Y Cassim Speech Notes: Debate on the 2021 State of the Province Address

Issued by Yusuf Cassim, MPL

Honourable Speaker, Fellow South Africans… I greet you with the universal greeting of peace, As-salamu alaikum wa rahmatullahi wa barakatuh

Hon. Premier, Members of this house, visiting schools over the last two weeks, were confronted with the anguish of crushed hopes caused by the recurring theme of broken promises.

I myself was part of the team visiting schools in the Chris Hani West District.

At Ikwezi Secondary School, in Hon. Kontsiwe’s village, there is no physical science teacher and only one mathematics teacher for grades 8, 9, 10 and 11.

Hon. Premier, in your SOPA address last year, you made the following promise, and I quote, “We will ensure that we support our schools thoroughly so that every learner reaches the finish line of Basic Education Schooling. This means our schools will be resourced adequately with teachers”.

Ikwezi Secondary school is one of a whopping 607 schools without sufficient teachers. Only 30% of their learners passed physical science.

As for learners reaching the finishing line of Basic Education Schooling, Over the past 3 years, 221 626 learners have disappeared between their grade 10 enrolment and their final examinations. Your department responded by mumbling about learners moving to other provinces or private schools… 221 621 of them? The ignorance is palpable.

At the same school, Educational Assistants appointed on the 1st of December last year have still not been paid, along with close to 10 000 in the province. How exactly do you expect educational and general assistants to work for three months without pay?

Shame on you! Do you even care that our people have children to feed and yet to expect them to work as slaves? It is disgusting!

At Phumlani Primary School, lives are at risk in dilapidated 1979 prefabs with splitting asbestos roofs. One of over 1400 asbestos schools in the province that have given up hope in the promises made to eradicate unsafe and inappropriate structures.

Michausdal Primary was scheduled to be demolished and rebuilt. The CDC visited them twice, and they heard nothing since. Just like at J A Ncaca Primary, where a grade R block was scheduled, followed by radio silence from the same implementing agent. At J A Calata the school is literally sinking with the imminent danger of the entire school collapsing.

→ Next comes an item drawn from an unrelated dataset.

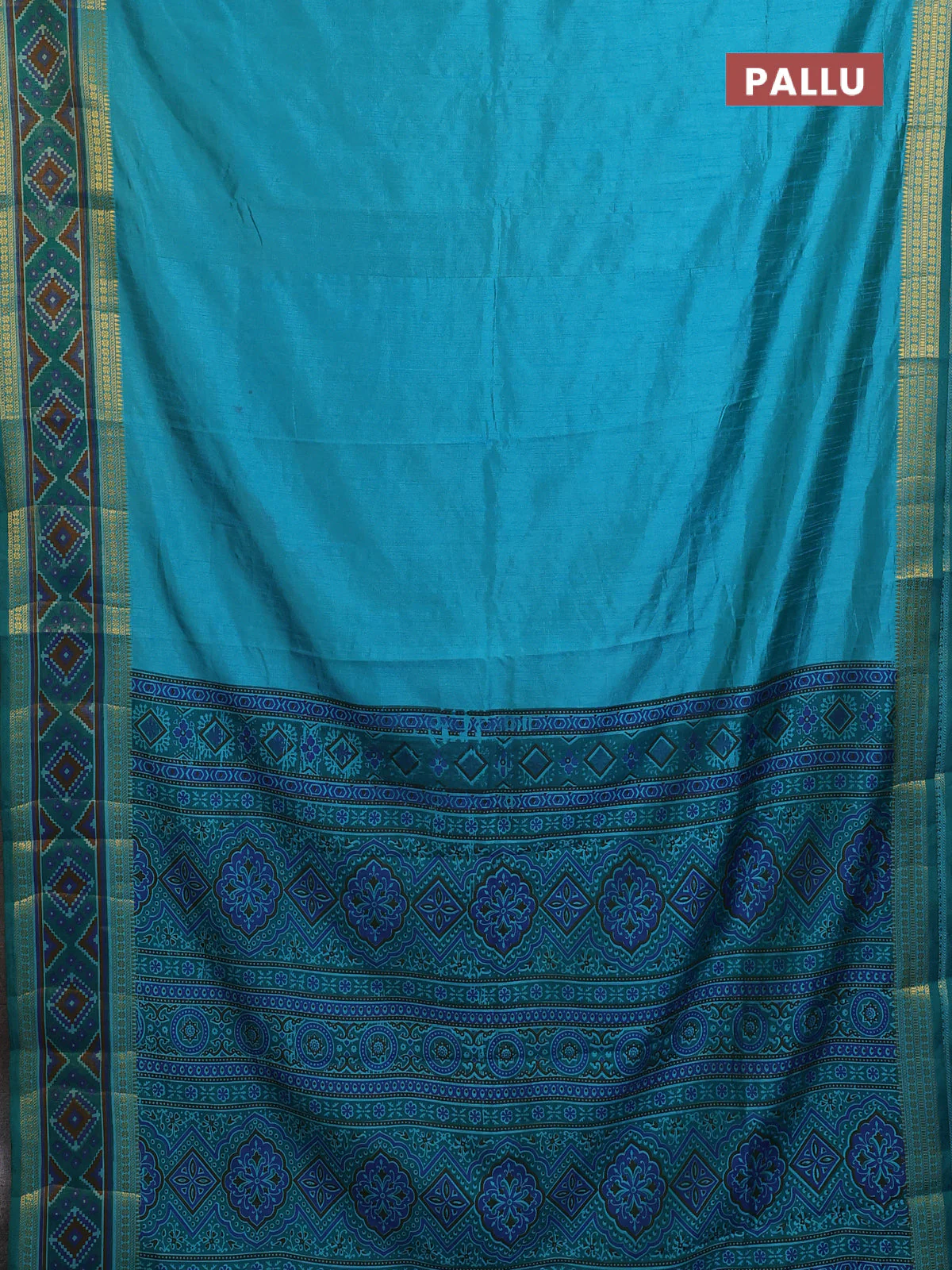Semi tussar saree dual shade of teal blue with plain body and ikat woven zari border - Image 3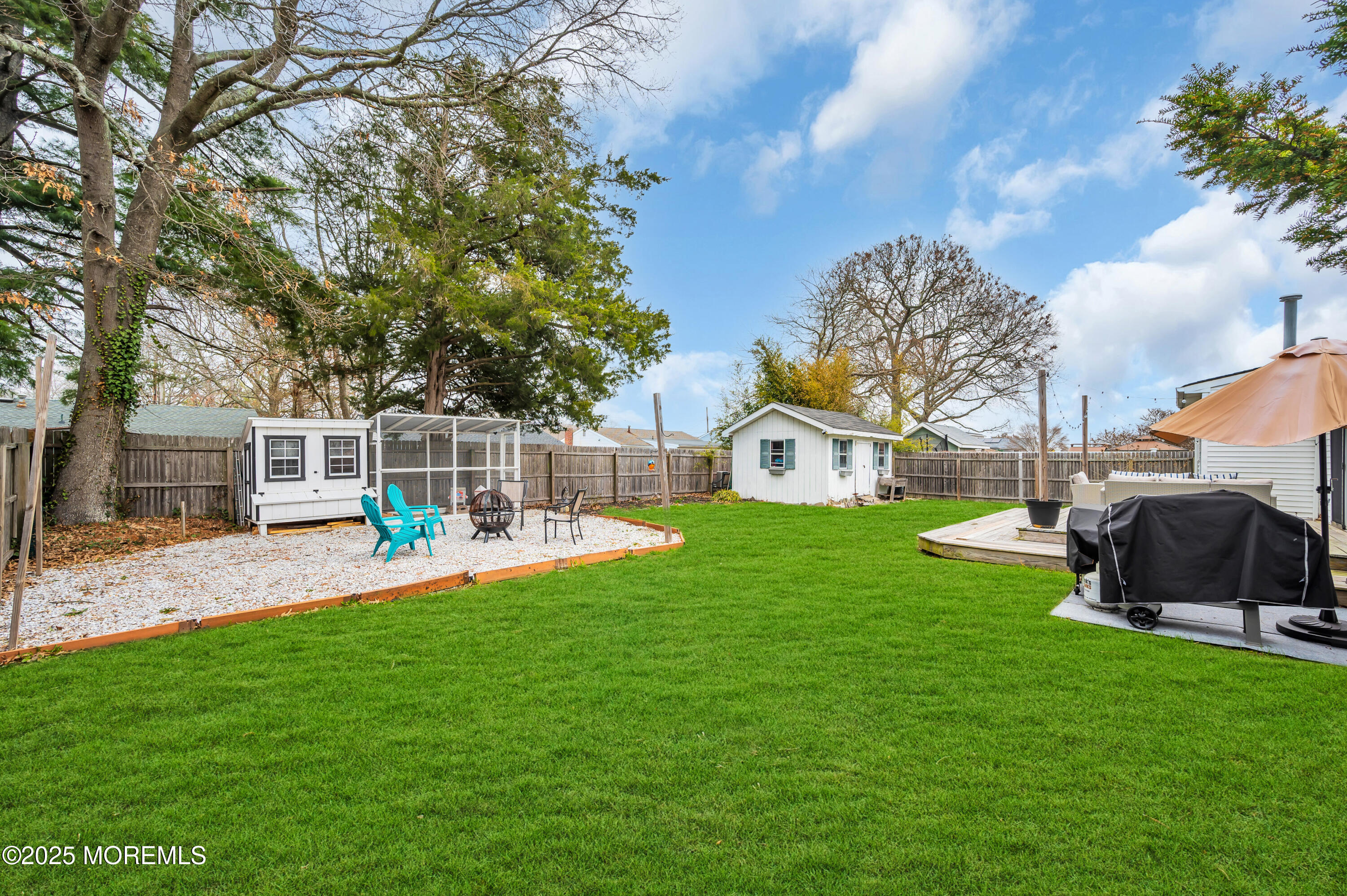 408 Cedar Drive Lanoka Harbor, NJ 08734 - Photo 35 of 39 a front view of a house with garden and porch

Sadly, like the emperor, the Premier has no clothes. His promises are laid bare. His 2019 SOPA promised to intensify the rollout of E-learning through the use of WIFI connection in schools to increase learner and teacher interaction. Yet two years later, only 8% of schools have internet connectivity.

Which brings us to the SOPA delivered last week.

You bemoaned your work being negatively affected by the covid 19 pandemic, with learners spending most of their learning time at home. Yet the reason they spent more learning time at home than necessary is because your department sat on their hands for over a month before making any preparations to reopen schools, pushing back the reopening of schools by months before finally procuring PPE at up to five times their retail value.

You claimed that school nutrition was delivered during the lockdown is nothing more than a blatant lie.

The only province to have done so was the DA Governed Western Cape despite my office writing to MEC Gade pleading for us to do the same. Departments were eventually ordered by the courts to provide meals during the lockdowns and yet despite this, only 3,25% of our learners received meals from the SNP during lockdown.

Your boast of 39 schools being completed during your term is a sore point as 96 projects were incomplete at the start of 2020, with contractors walking off sites since then due to non-payment as penalties, interest and standing fees mount.

You claim that 103 000 learners are being accommodated with scholar transport. Premier, it is only 87000 learners being accommodated, so again you have no clue!

This is down from 124 000 who were accommodated last year, while around 140 000 learners actually need transport to get to school.

Perhaps your most embarrassing utterance is your boast of 55 000 learners receiving tablets.

Your department ignored treasury procurement regulations to avoid any competitive bidding so as to handpick Iqbal Surve’s company to lease tablets at three times the price it would have cost to buy them.

Those tablets are worthless as the high court has suspended the contract pending a court review, and schools are struggling to get them back from learners.

What a complete mess and embarrassment.

Hon. Premier, your promises will continue to ring hollow unless we chart a new course built on competence, calibre and consequence management rather than chaos, cadres and corruption.

We can fix this mess but only through rebuilding on the rock of good governance. Unless you can show me one instance of consequences for the mess our education department is in, this will remain a pipedream.